▶ **YOUR TASK**
Retype all data exactly as given. Pictures should not be retyped.

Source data
=== Begin Enclosure ===
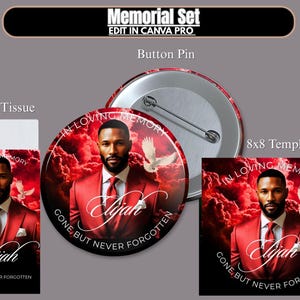 Peut inclure: Ensemble commémoratif comprenant un bouton de pin, un paquet de mouchoirs et un modèle 8x8. Chaque élément présente un homme en costume rouge sur un fond rouge nuageux, avec le texte "In Loving Memory" et "Gone But Never Forgotten."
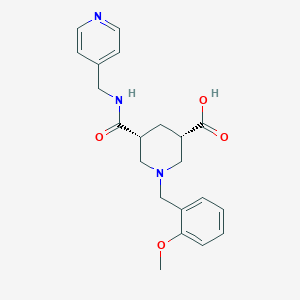 molecular formula C21H25N3O4 B5467558 (3S*,5R*)-1-(2-methoxybenzyl)-5-{[(4-pyridinylmethyl)amino]carbonyl}-3-piperidinecarboxylic acid 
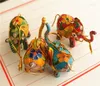 Pochettes à bijoux en gros 6 pièces superbe porte-clés éléphant cloisonné fait à la main chinois ornement de noël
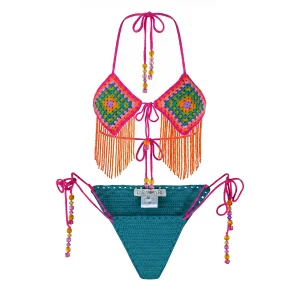 Neon Mirage Hand-Knitted Multi Bikini Top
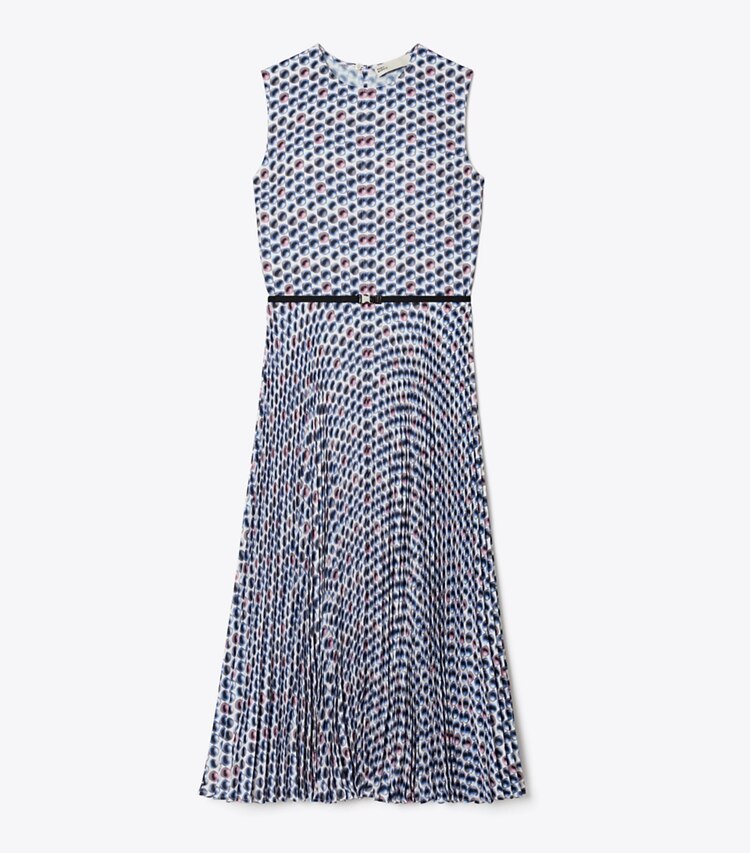 Tory Burch designer robes Robe imprimée en sergé in Blue Candy Dots front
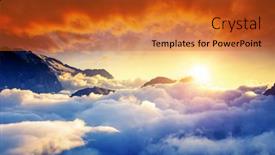  Presentation with iceland location famous place kirkjufellsfoss - Slide deck consisting of foggy-view-in-morning background and a red colored foreground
=== End Enclosure ===
▶ **ANSWER FOR THE TASK**
 Peut inclure: Ensemble commémoratif comprenant un bouton de pin, un paquet de mouchoirs et un modèle 8x8. Chaque élément présente un homme en costume rouge sur un fond rouge nuageux, avec le texte "In Loving Memory" et "Gone But Never Forgotten."
 molecular formula C21H25N3O4 B5467558 (3S*,5R*)-1-(2-methoxybenzyl)-5-{[(4-pyridinylmethyl)amino]carbonyl}-3-piperidinecarboxylic acid 
 Pochettes à bijoux en gros 6 pièces superbe porte-clés éléphant cloisonné fait à la main chinois ornement de noël
 Neon Mirage Hand-Knitted Multi Bikini Top
 Tory Burch designer robes Robe imprimée en sergé in Blue Candy Dots front
  Presentation with iceland location famous place kirkjufellsfoss - Slide deck consisting of foggy-view-in-morning background and a red colored foreground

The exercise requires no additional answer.